#### Exercise goal:
Could you restate the data word for word and drop the pictures?

#### Data provided:
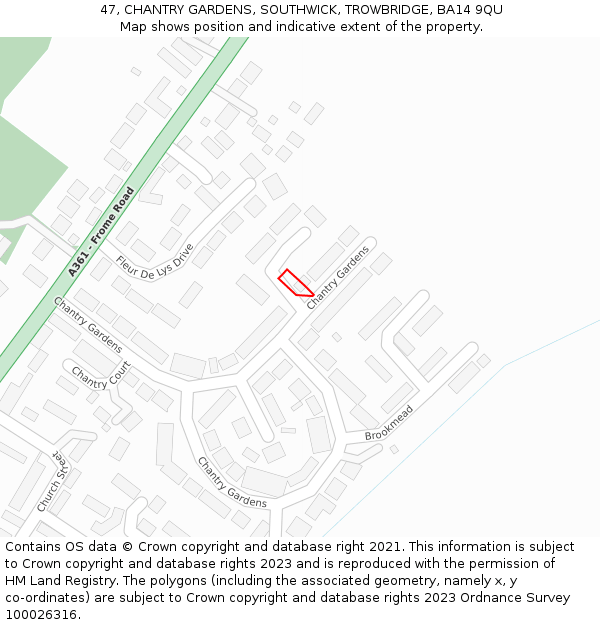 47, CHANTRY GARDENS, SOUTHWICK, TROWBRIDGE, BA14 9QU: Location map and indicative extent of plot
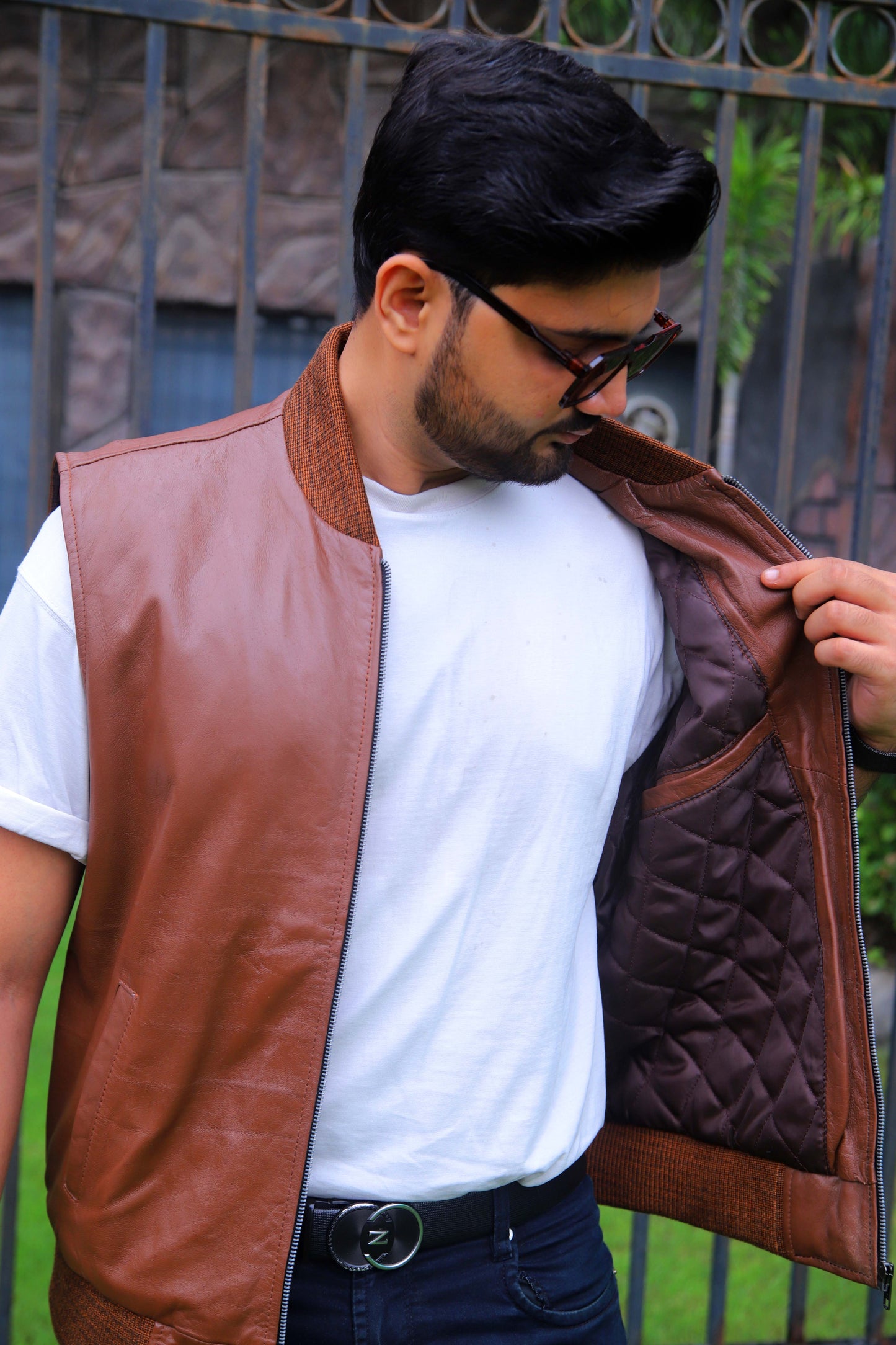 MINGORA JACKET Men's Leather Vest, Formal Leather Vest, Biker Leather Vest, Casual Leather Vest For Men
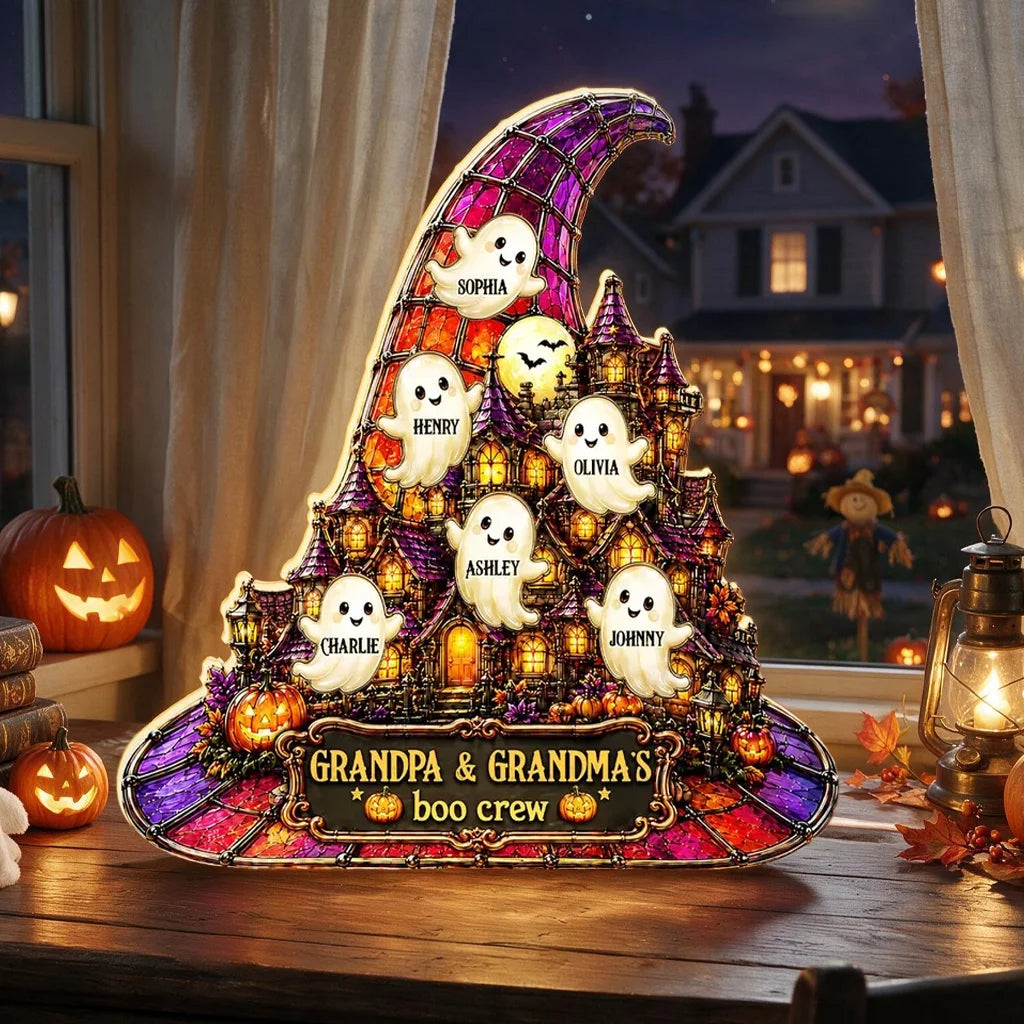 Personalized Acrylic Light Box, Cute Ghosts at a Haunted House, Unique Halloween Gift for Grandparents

#### Answer to the exercise:
 47, CHANTRY GARDENS, SOUTHWICK, TROWBRIDGE, BA14 9QU: Location map and indicative extent of plot
 MINGORA JACKET Men's Leather Vest, Formal Leather Vest, Biker Leather Vest, Casual Leather Vest For Men
 Personalized Acrylic Light Box, Cute Ghosts at a Haunted House, Unique Halloween Gift for Grandparents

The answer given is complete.